§ **TASK TO CARRY OUT**
Look in the material below for the line holding "Spilya Cellars Mountain House Red". Set it down exactly, with each later line up to and including the line holding "1 Bedroom Apartment".

§ **MATERIALS PROVIDED**
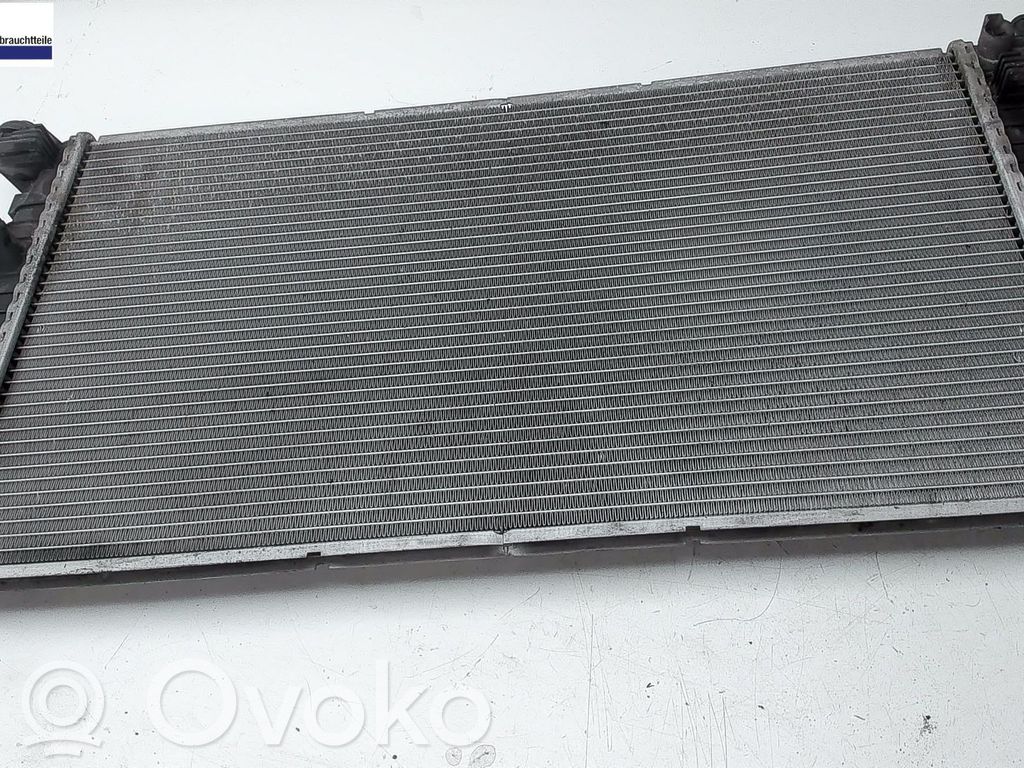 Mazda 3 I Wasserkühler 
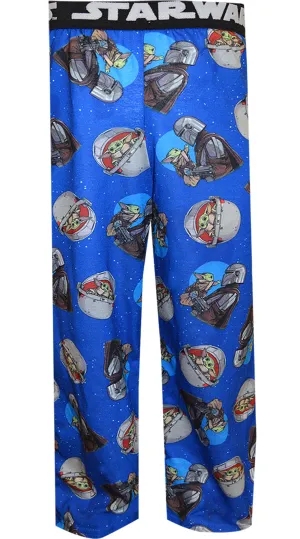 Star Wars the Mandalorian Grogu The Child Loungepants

* * *

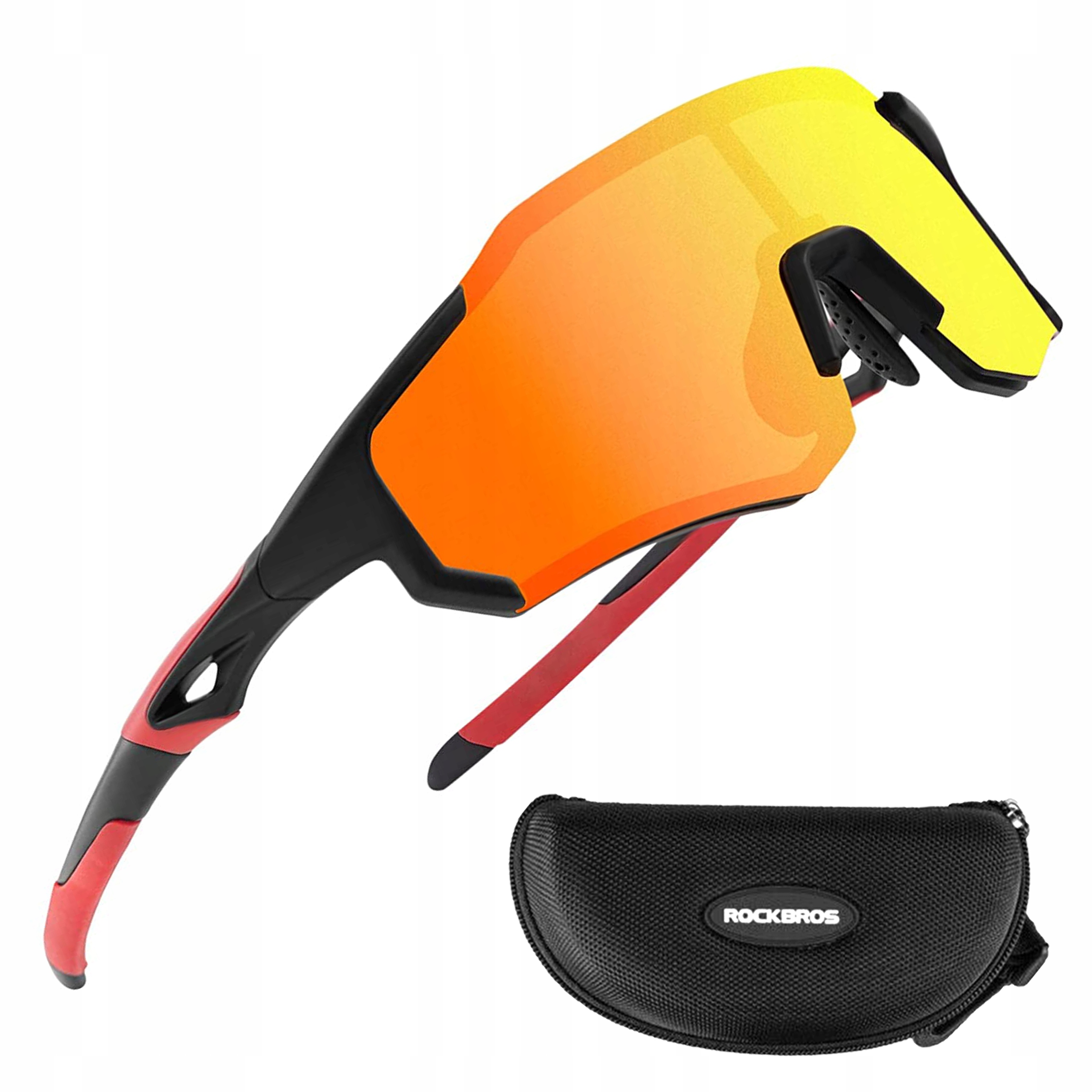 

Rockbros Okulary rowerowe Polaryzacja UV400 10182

==

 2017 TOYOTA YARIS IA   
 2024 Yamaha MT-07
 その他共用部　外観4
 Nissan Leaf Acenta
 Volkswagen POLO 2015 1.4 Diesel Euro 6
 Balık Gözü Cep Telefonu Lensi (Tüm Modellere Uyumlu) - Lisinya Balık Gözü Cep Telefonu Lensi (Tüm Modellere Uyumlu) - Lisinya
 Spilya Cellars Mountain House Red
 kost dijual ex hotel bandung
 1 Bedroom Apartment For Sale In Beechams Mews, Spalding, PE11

§ **SOLUTION BELOW**
 Spilya Cellars Mountain House Red
 kost dijual ex hotel bandung
 1 Bedroom Apartment For Sale In Beechams Mews, Spalding, PE11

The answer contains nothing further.